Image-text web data
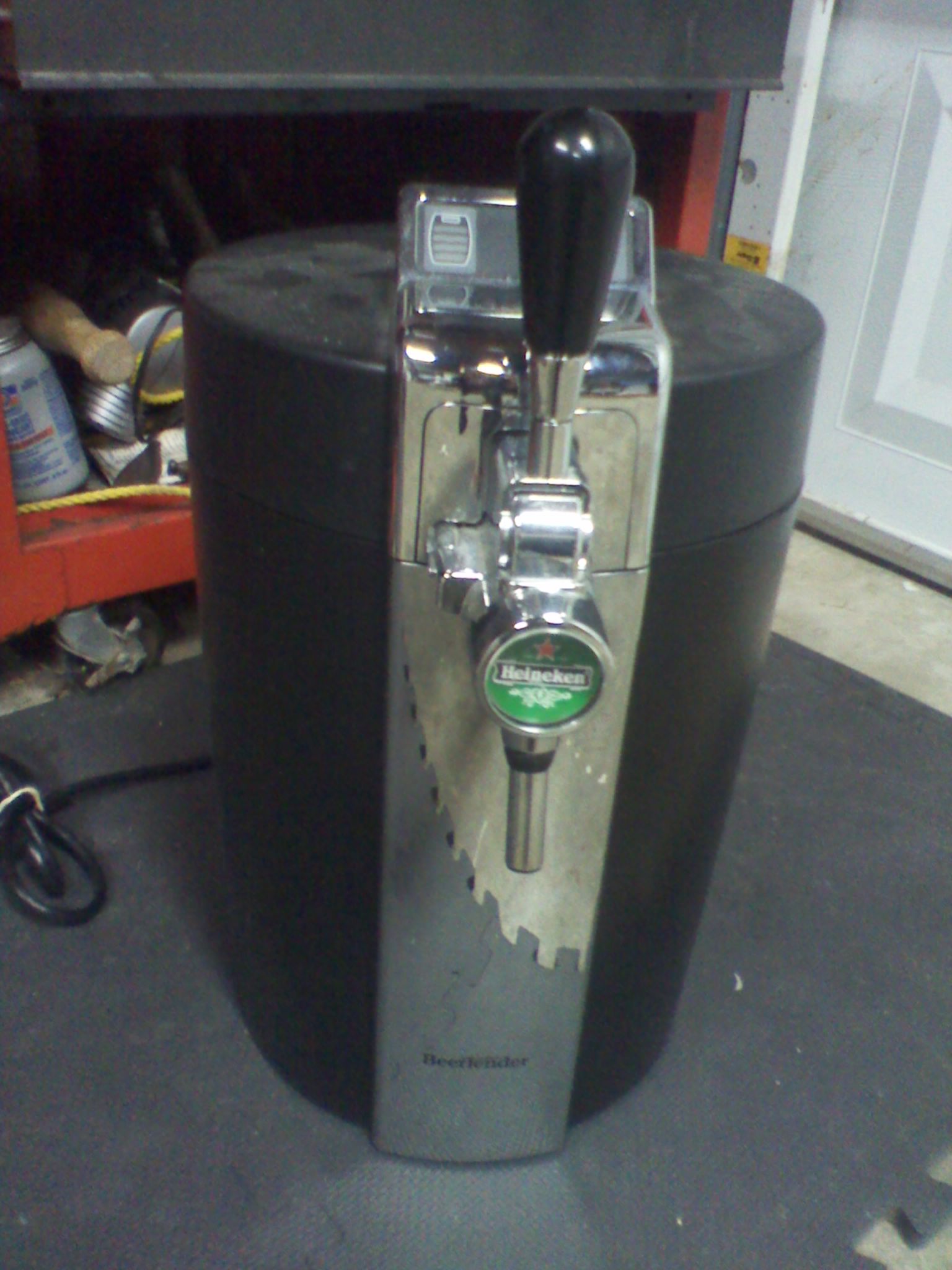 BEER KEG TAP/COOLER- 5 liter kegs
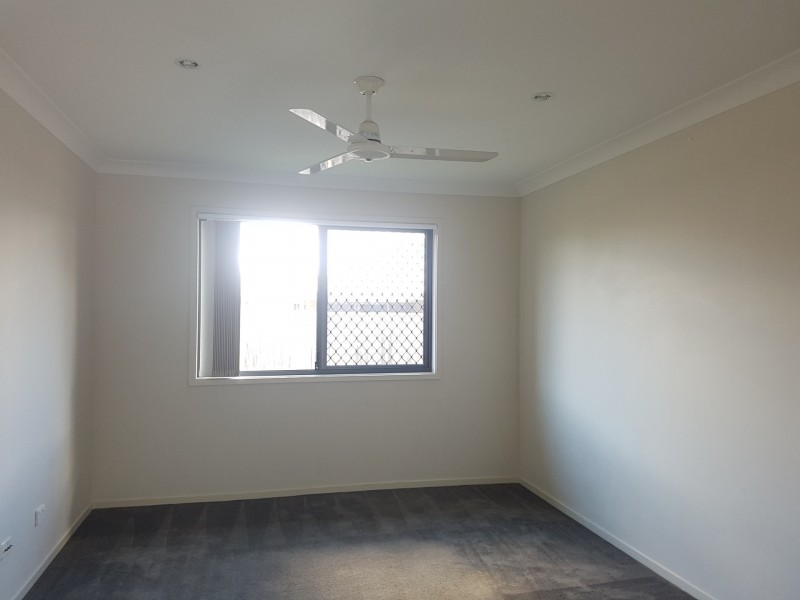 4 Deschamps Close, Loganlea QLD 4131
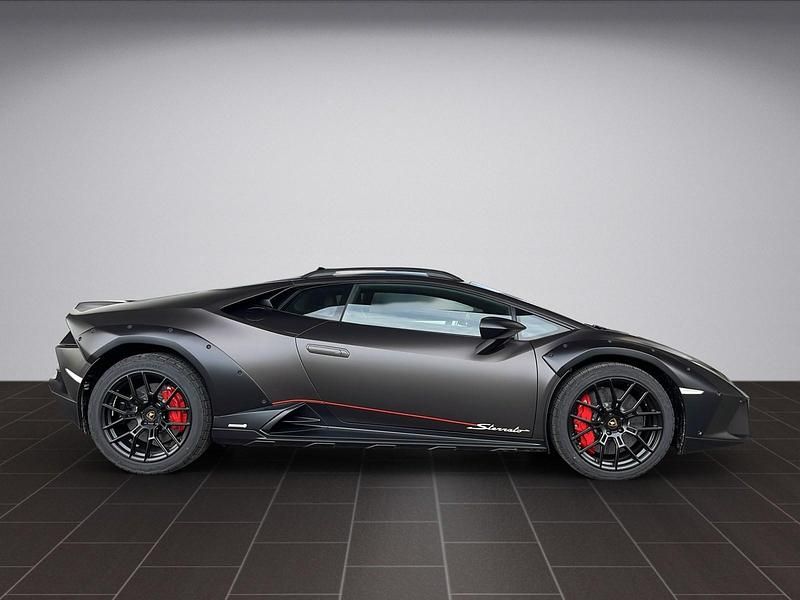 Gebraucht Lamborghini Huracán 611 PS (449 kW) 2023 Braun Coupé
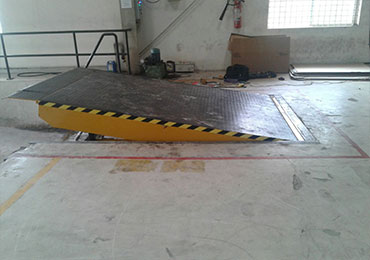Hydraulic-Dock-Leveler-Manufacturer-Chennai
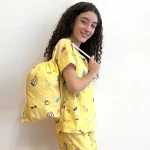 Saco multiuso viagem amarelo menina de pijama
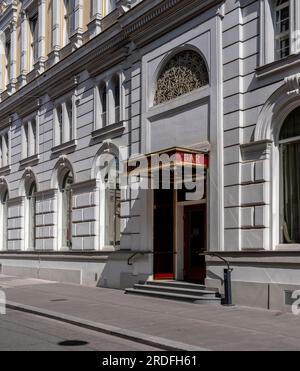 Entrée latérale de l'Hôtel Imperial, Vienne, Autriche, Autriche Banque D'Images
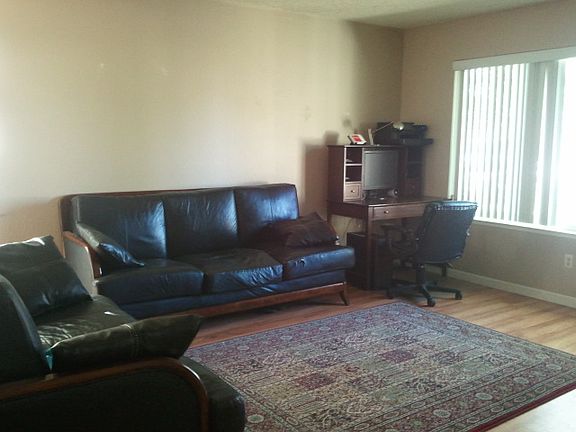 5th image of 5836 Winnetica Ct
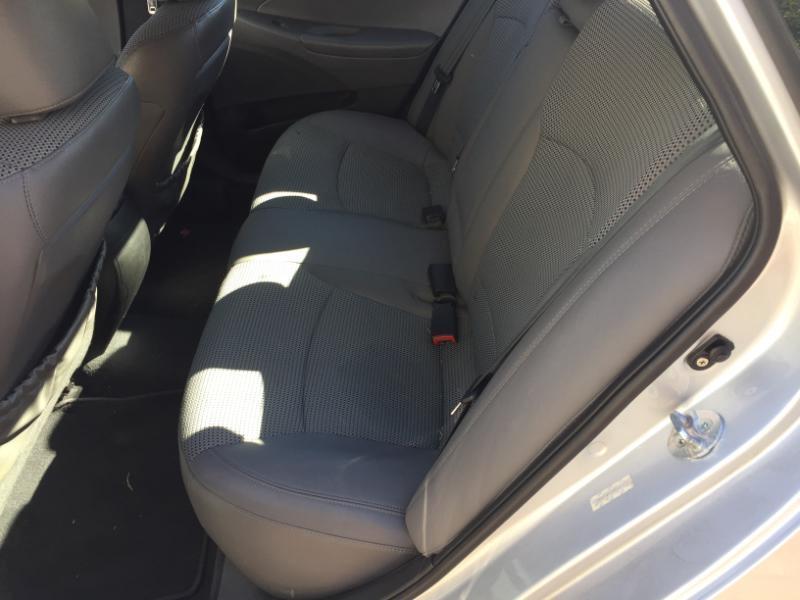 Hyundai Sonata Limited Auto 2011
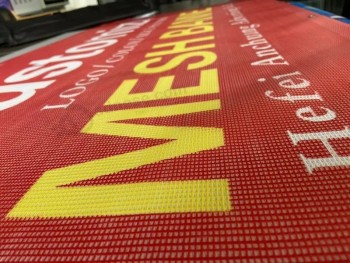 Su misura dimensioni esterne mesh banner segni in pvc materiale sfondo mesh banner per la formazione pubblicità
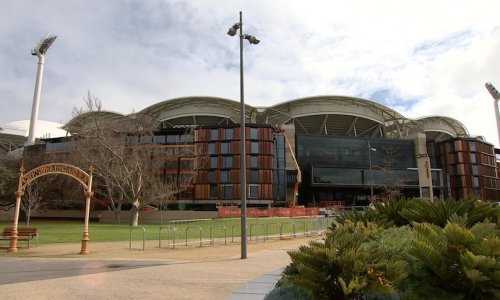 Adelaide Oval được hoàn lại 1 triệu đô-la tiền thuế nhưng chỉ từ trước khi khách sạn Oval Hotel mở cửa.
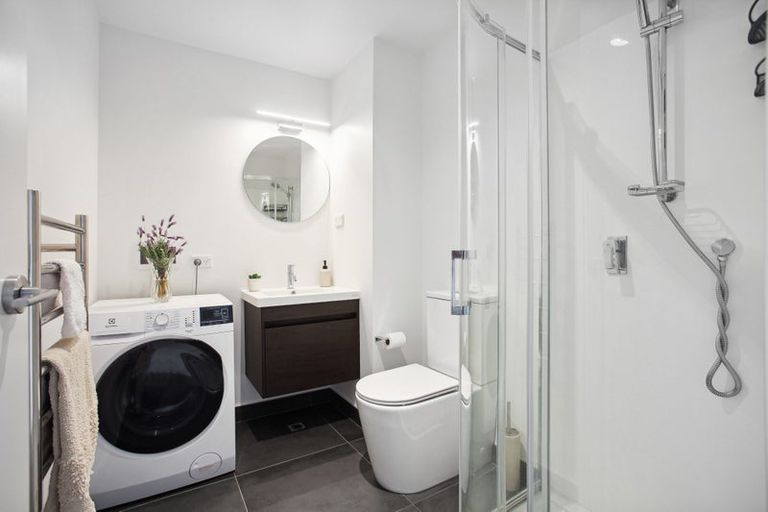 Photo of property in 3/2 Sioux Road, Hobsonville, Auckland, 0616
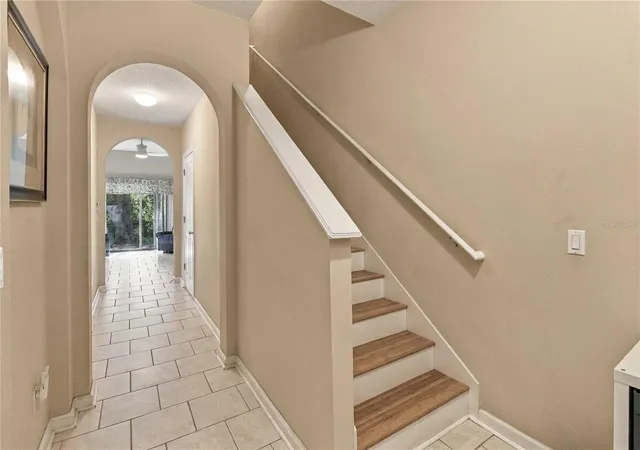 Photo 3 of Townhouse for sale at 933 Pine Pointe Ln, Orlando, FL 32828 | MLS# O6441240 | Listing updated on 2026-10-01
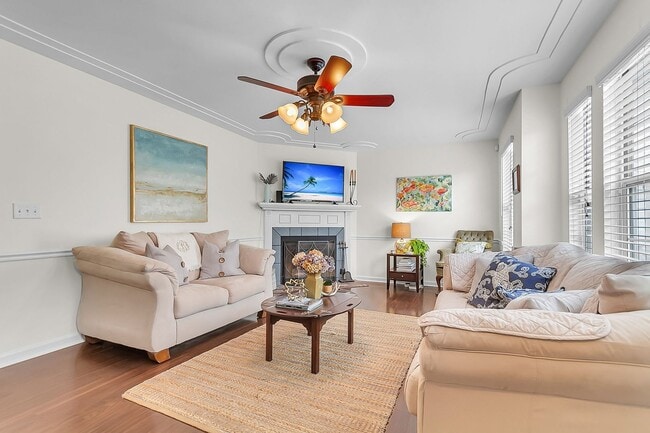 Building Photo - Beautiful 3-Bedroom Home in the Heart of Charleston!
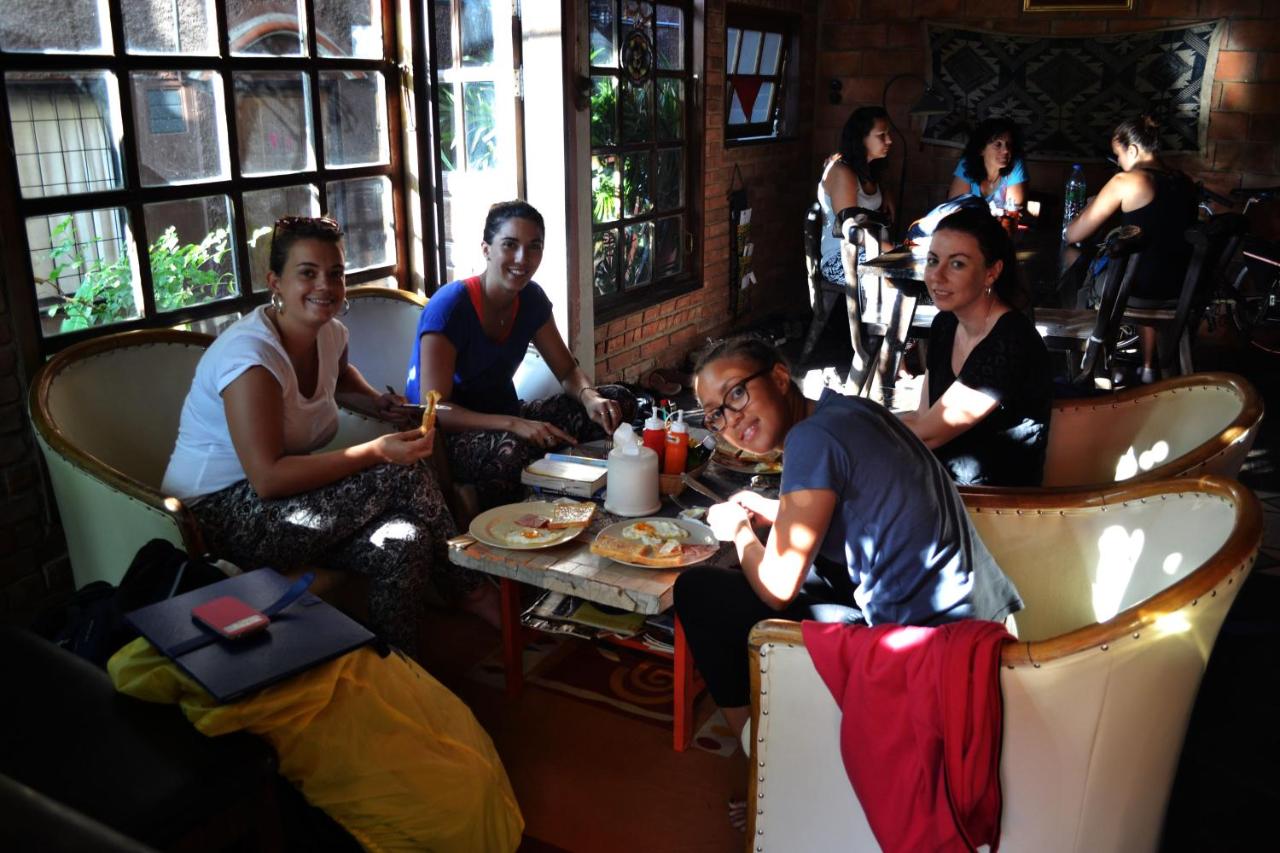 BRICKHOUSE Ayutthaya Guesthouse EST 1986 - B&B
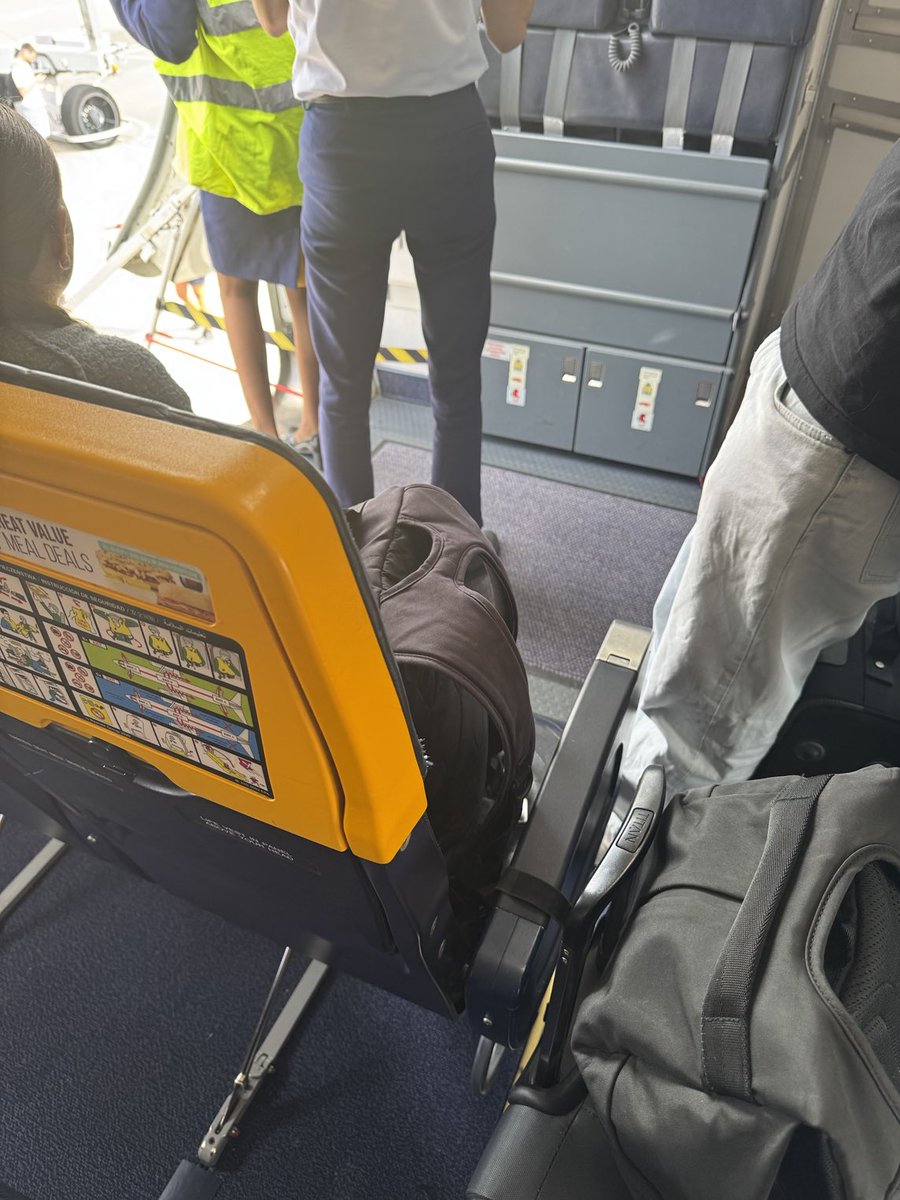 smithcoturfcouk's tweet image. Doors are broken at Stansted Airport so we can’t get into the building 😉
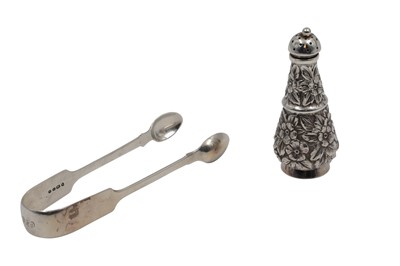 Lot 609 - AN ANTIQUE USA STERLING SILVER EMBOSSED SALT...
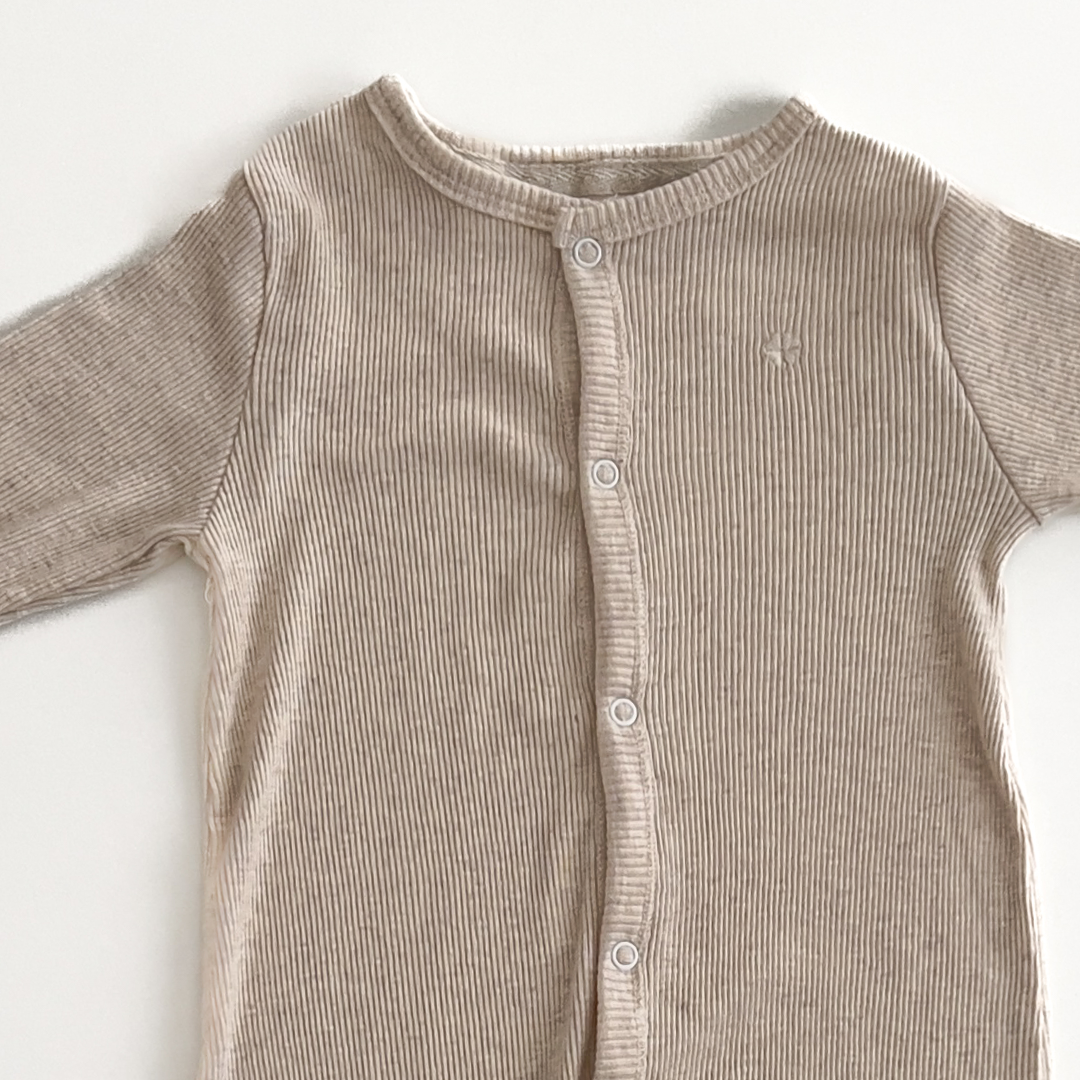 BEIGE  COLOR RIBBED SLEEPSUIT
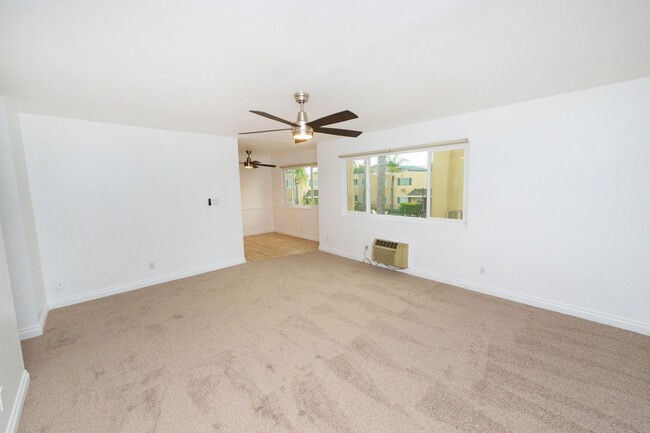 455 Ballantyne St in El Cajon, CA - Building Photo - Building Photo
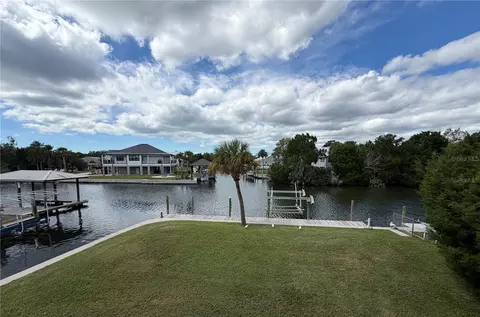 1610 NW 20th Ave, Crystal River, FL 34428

◆ Prompt: Only the lines from the one with "Entrée latérale de" through the final line of the entries above are to be repeated, exactly as written and without pictures.

◆ Task response:
 Entrée latérale de l'Hôtel Imperial, Vienne, Autriche, Autriche Banque D'Images
 5th image of 5836 Winnetica Ct
 Hyundai Sonata Limited Auto 2011
 Su misura dimensioni esterne mesh banner segni in pvc materiale sfondo mesh banner per la formazione pubblicità
 Adelaide Oval được hoàn lại 1 triệu đô-la tiền thuế nhưng chỉ từ trước khi khách sạn Oval Hotel mở cửa.
 Photo of property in 3/2 Sioux Road, Hobsonville, Auckland, 0616
 Photo 3 of Townhouse for sale at 933 Pine Pointe Ln, Orlando, FL 32828 | MLS# O6441240 | Listing updated on 2026-10-01
 Building Photo - Beautiful 3-Bedroom Home in the Heart of Charleston!
 BRICKHOUSE Ayutthaya Guesthouse EST 1986 - B&B
 smithcoturfcouk's tweet image. Doors are broken at Stansted Airport so we can’t get into the building 😉
 Lot 609 - AN ANTIQUE USA STERLING SILVER EMBOSSED SALT...
 BEIGE  COLOR RIBBED SLEEPSUIT
 455 Ballantyne St in El Cajon, CA - Building Photo - Building Photo
 1610 NW 20th Ave, Crystal River, FL 34428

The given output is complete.